▶ _Exercise instructions_
Upon reaching the line that contains "Divya Thakor - Ratan" in the records below, begin repeating every line exactly through the last one, skipping pictures.

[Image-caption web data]
= = = = = = =

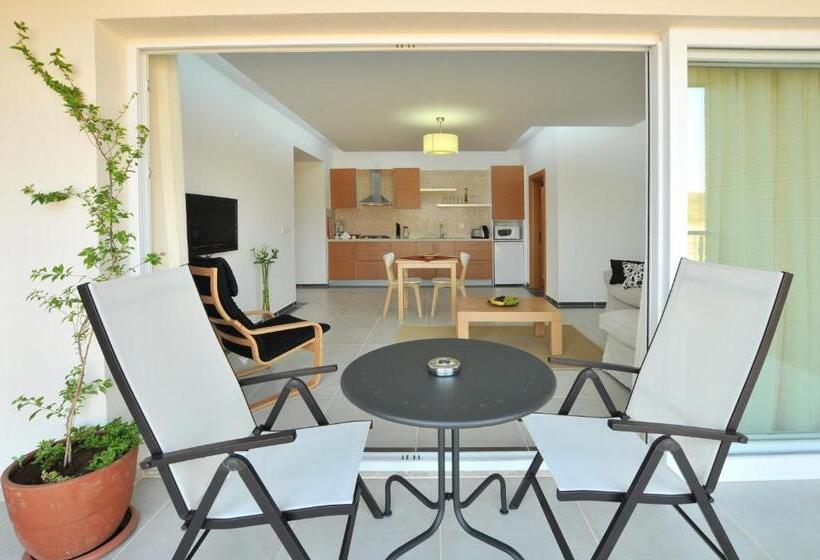 آپارتمان 1 خوابه, Odyssey Residence Apartments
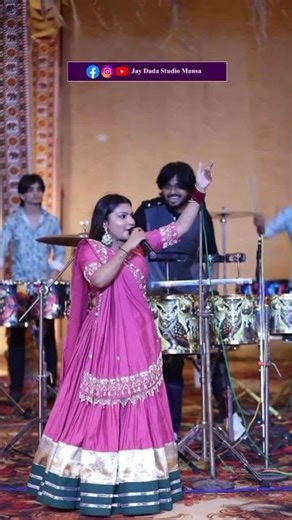 Divya Thakor - Ratan Halkaro Javu Marvad Desh 🔴 Jay Dada Studio Mansa 🔴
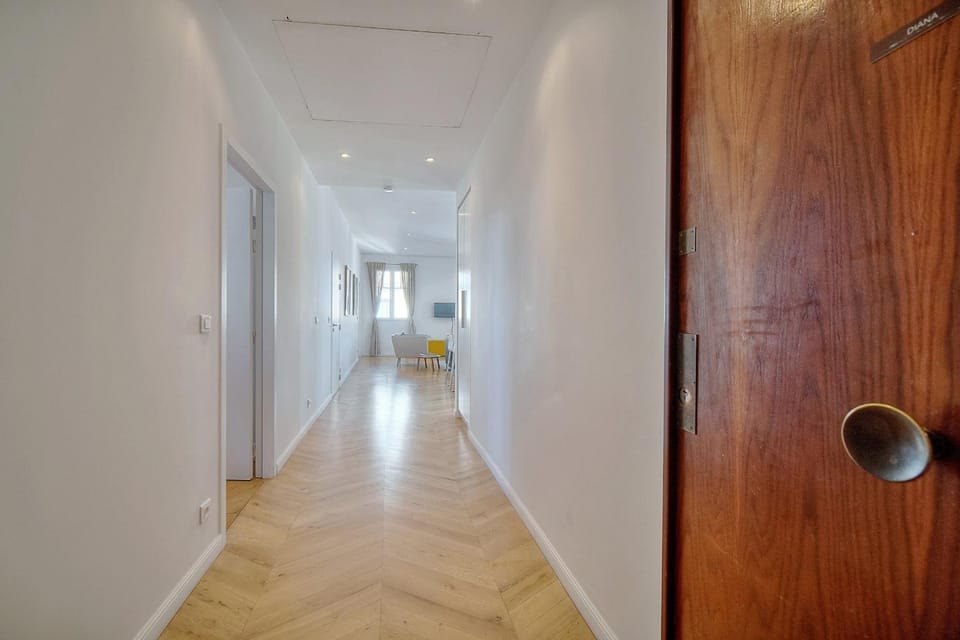 REF 909 - Cannes Back Croisette - Apartment for rent Apartment in Cannes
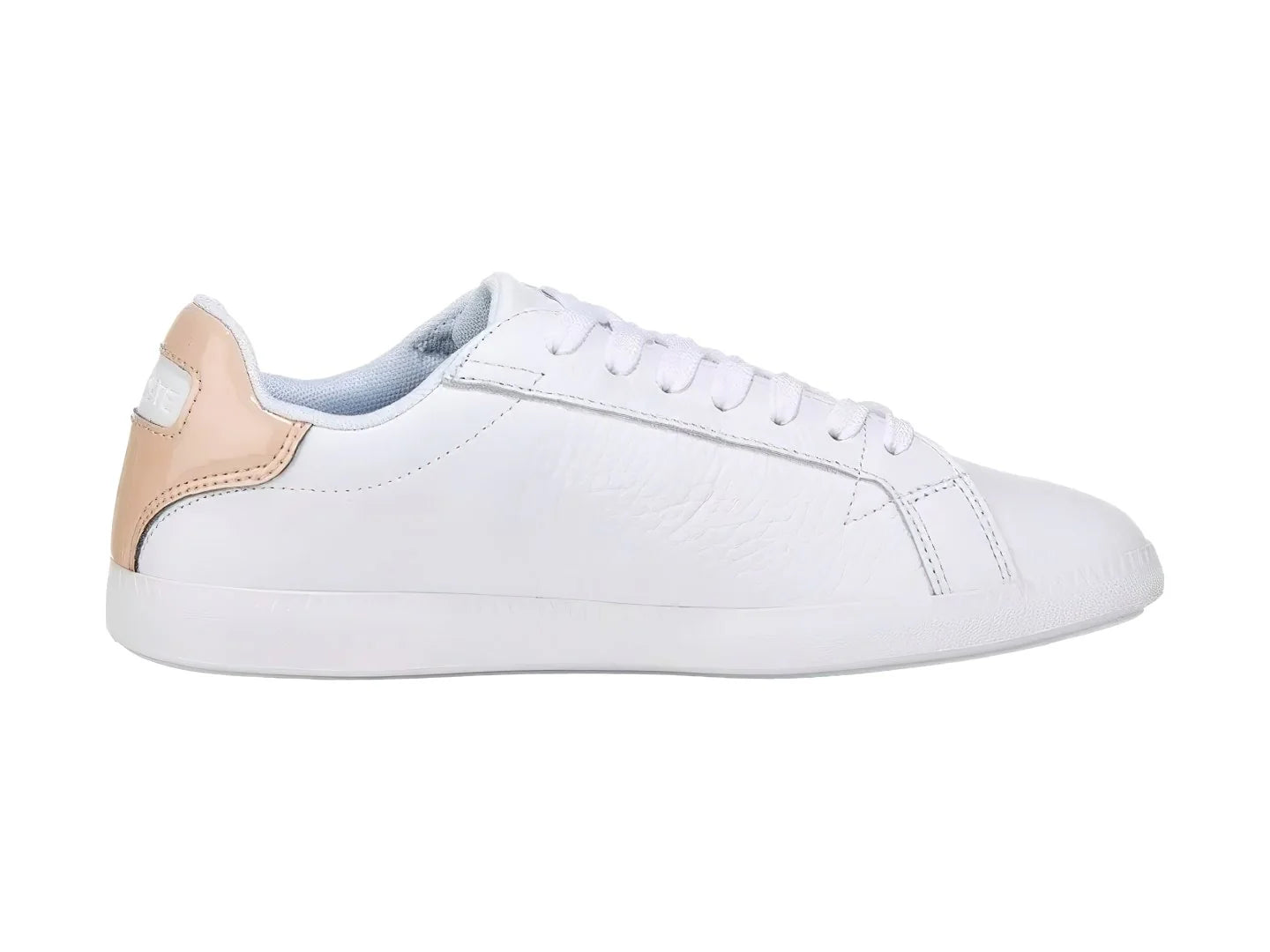 Tenis Lacoste Graduate 120 1 SFA Blanco para Mujer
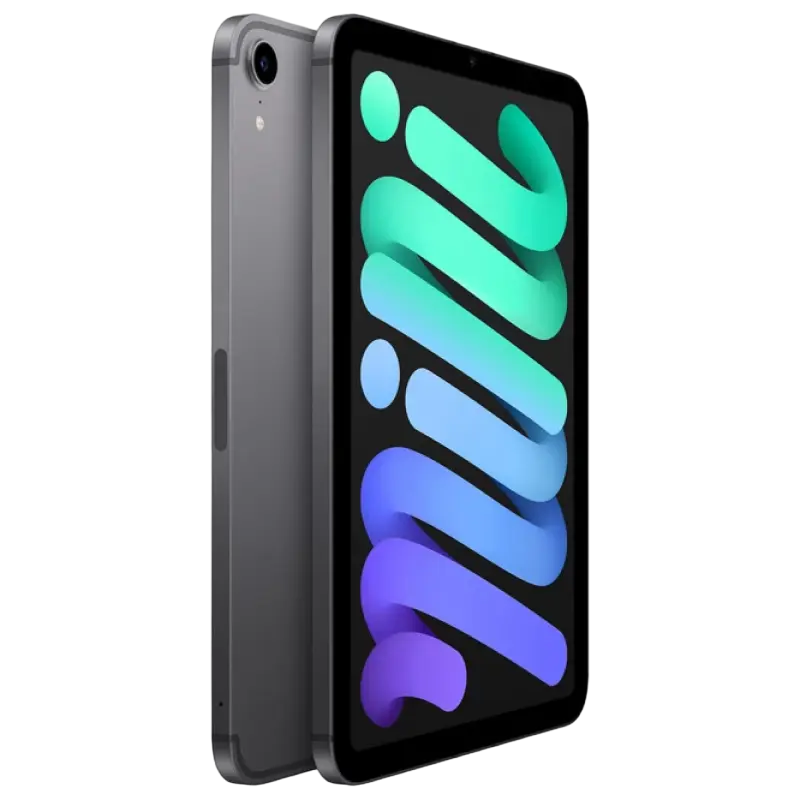 Планшет Apple iPad mini A2568, WiFi + Cellular, 64GB, Космический серый [1]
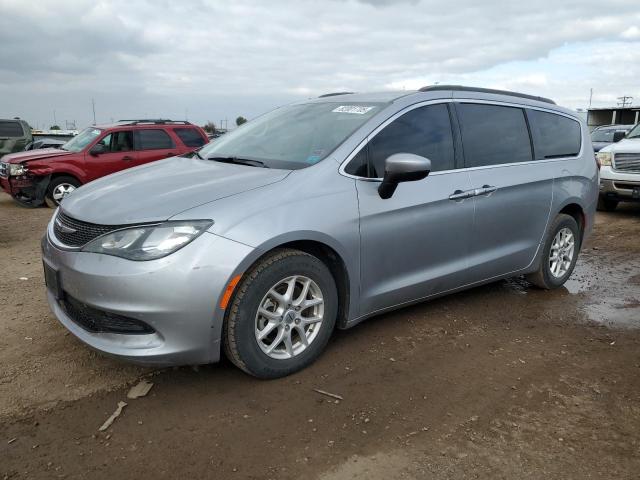 2021 CHRYSLER VOYAGER — VIN 2C4RC1DG8MR508725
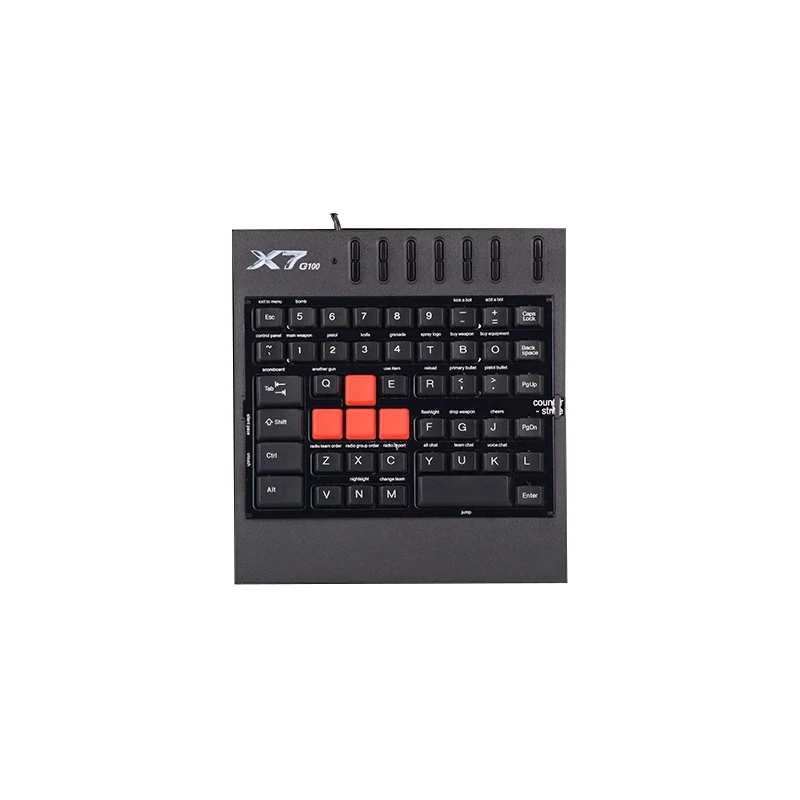 Игровой блок A4 X7 G100|Клавиатуры| |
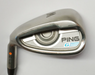 Left Handed Ping G Series Orange Dot Pitching Wedge 65 SR Senior Graphite Shaft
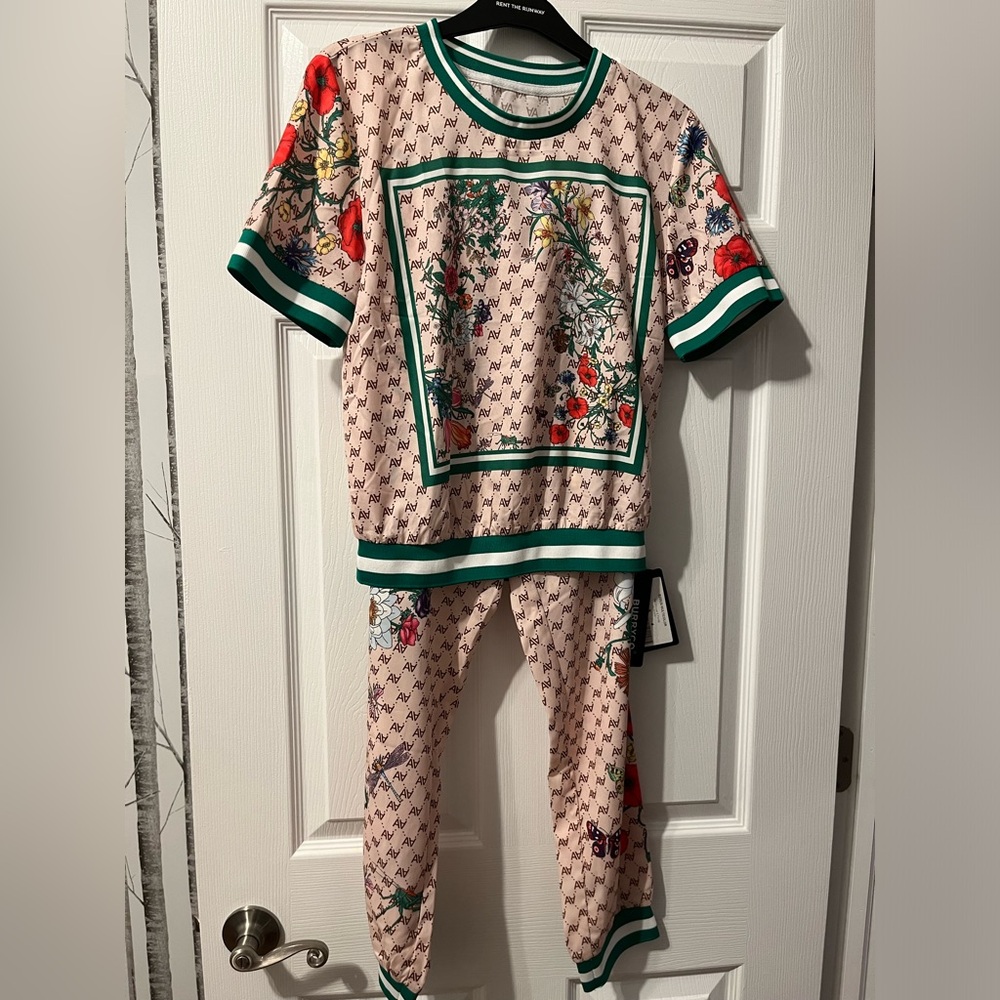 NWT Burryco Two Piece Set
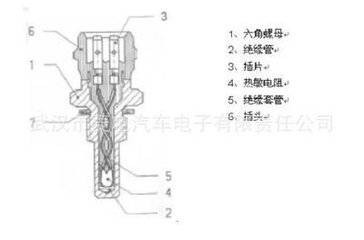 冷却液温度传感器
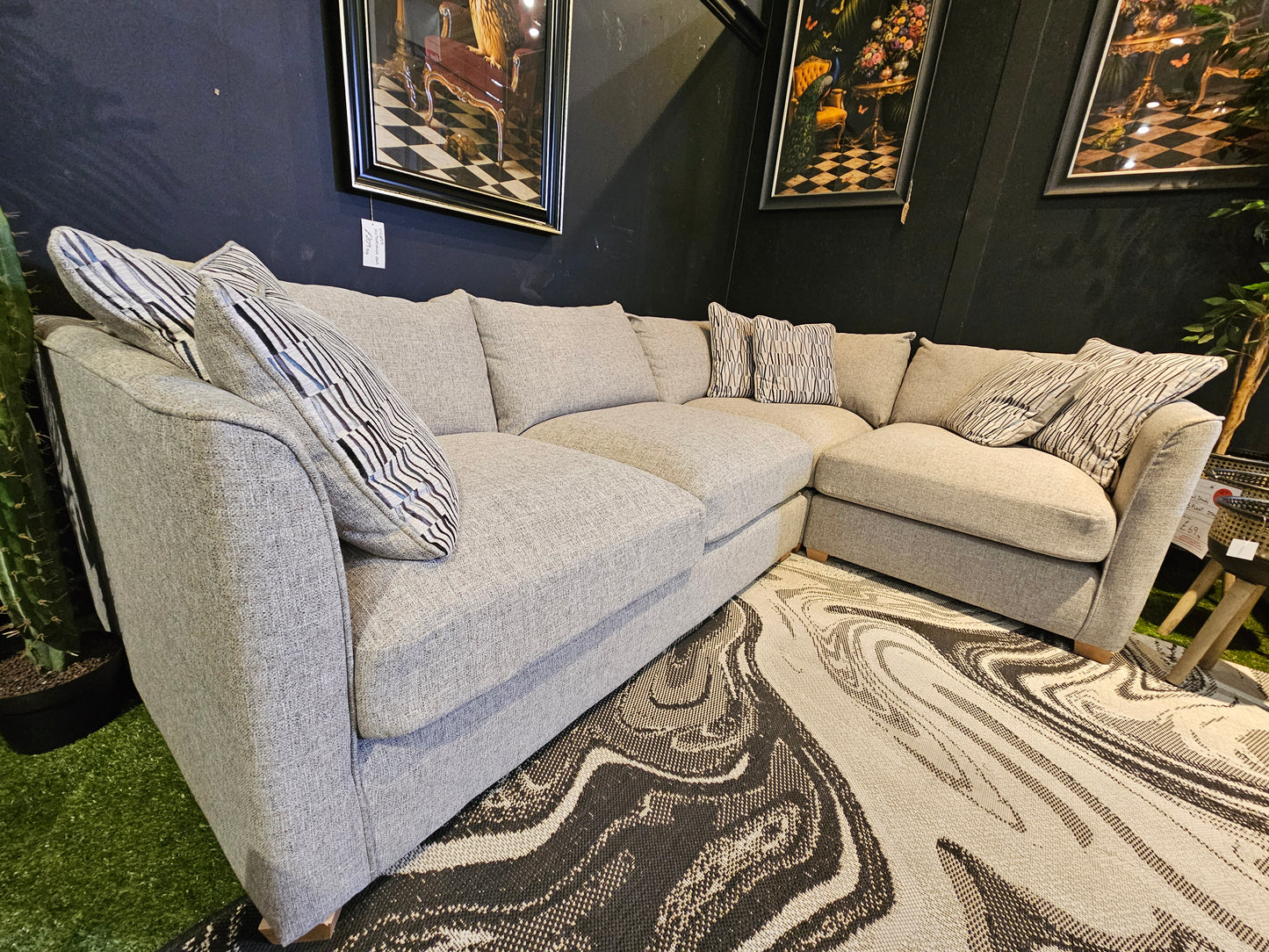 Carter Corner Sofa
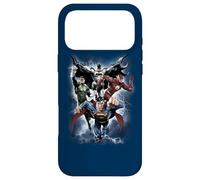 Carcasa para iPhone 17 Pro MAX Justice League The Coming Storm
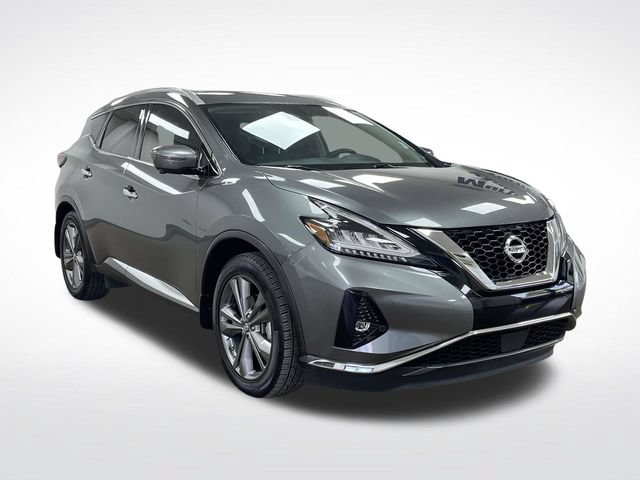 Used 2019 Nissan Murano Platinum w/ Cargo Package FWD image 3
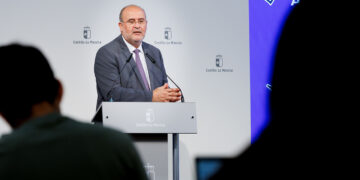 Castilla-La Mancha insiste en la igualdad en la financiación autonómica y que cubra el coste efectivo de los servicios en zonas despobladas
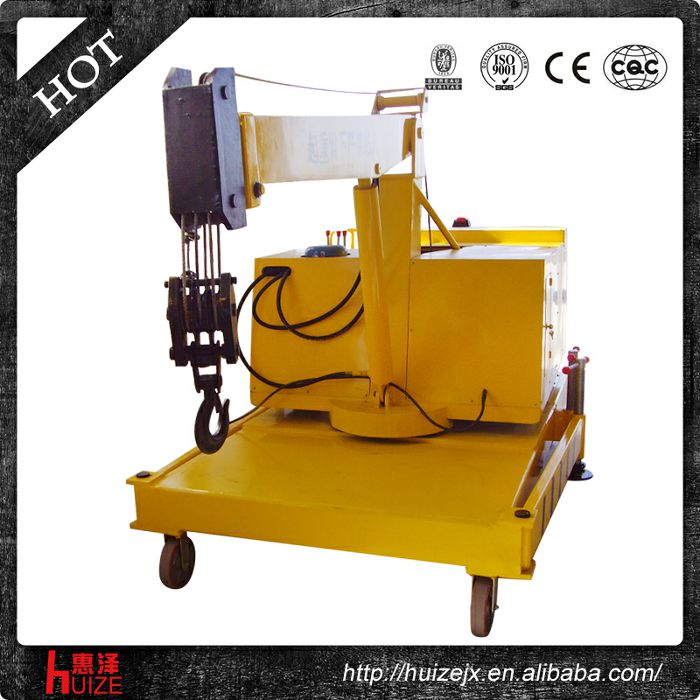 重型3T自行走吊車 重型3T自行走吊車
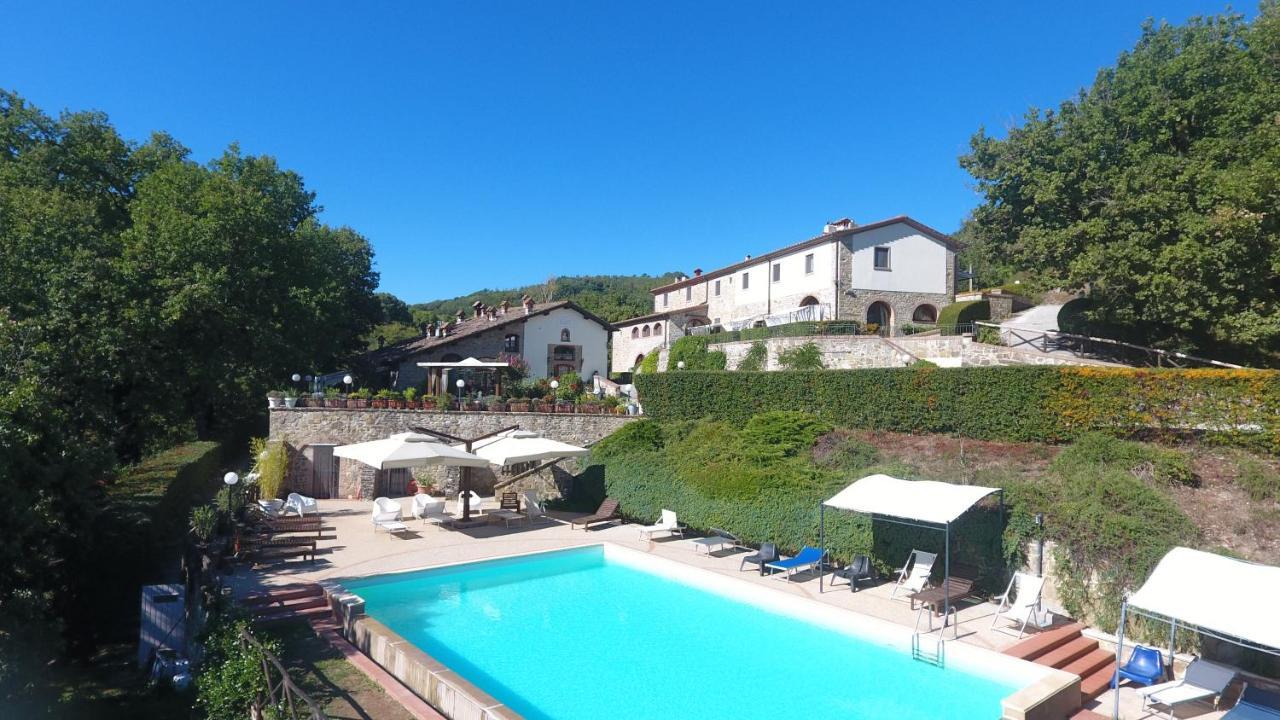 Casa Vacanze Borgo La Fratta Barberino di Mugello Exterior foto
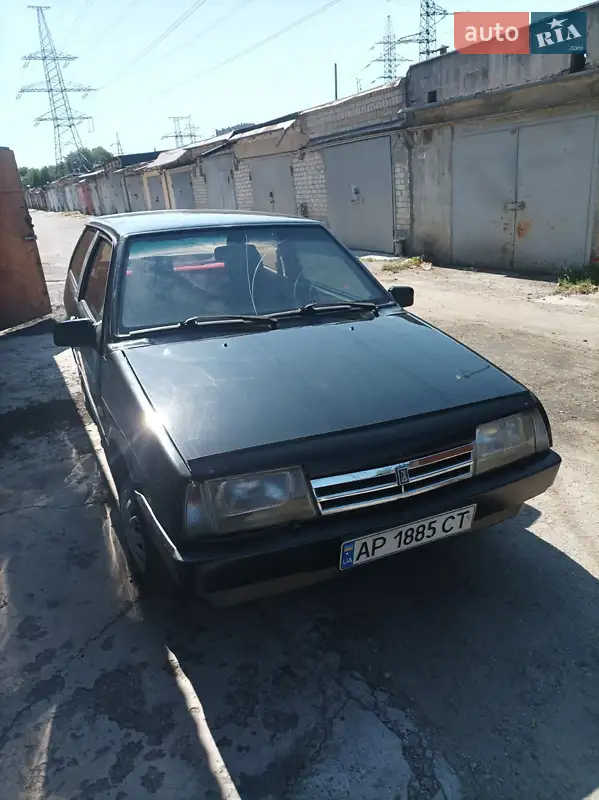 ВАЗ / Lada 2108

= = = = = = =

▶ _Response below_
 Divya Thakor - Ratan Halkaro Javu Marvad Desh 🔴 Jay Dada Studio Mansa 🔴
 REF 909 - Cannes Back Croisette - Apartment for rent Apartment in Cannes
 Tenis Lacoste Graduate 120 1 SFA Blanco para Mujer
 Планшет Apple iPad mini A2568, WiFi + Cellular, 64GB, Космический серый [1]
 2021 CHRYSLER VOYAGER — VIN 2C4RC1DG8MR508725
 Игровой блок A4 X7 G100|Клавиатуры| |
 Left Handed Ping G Series Orange Dot Pitching Wedge 65 SR Senior Graphite Shaft
 NWT Burryco Two Piece Set
 冷却液温度传感器
 Carter Corner Sofa
 Carcasa para iPhone 17 Pro MAX Justice League The Coming Storm
 Used 2019 Nissan Murano Platinum w/ Cargo Package FWD image 3
 Castilla-La Mancha insiste en la igualdad en la financiación autonómica y que cubra el coste efectivo de los servicios en zonas despobladas
 重型3T自行走吊車 重型3T自行走吊車
 Casa Vacanze Borgo La Fratta Barberino di Mugello Exterior foto
 ВАЗ / Lada 2108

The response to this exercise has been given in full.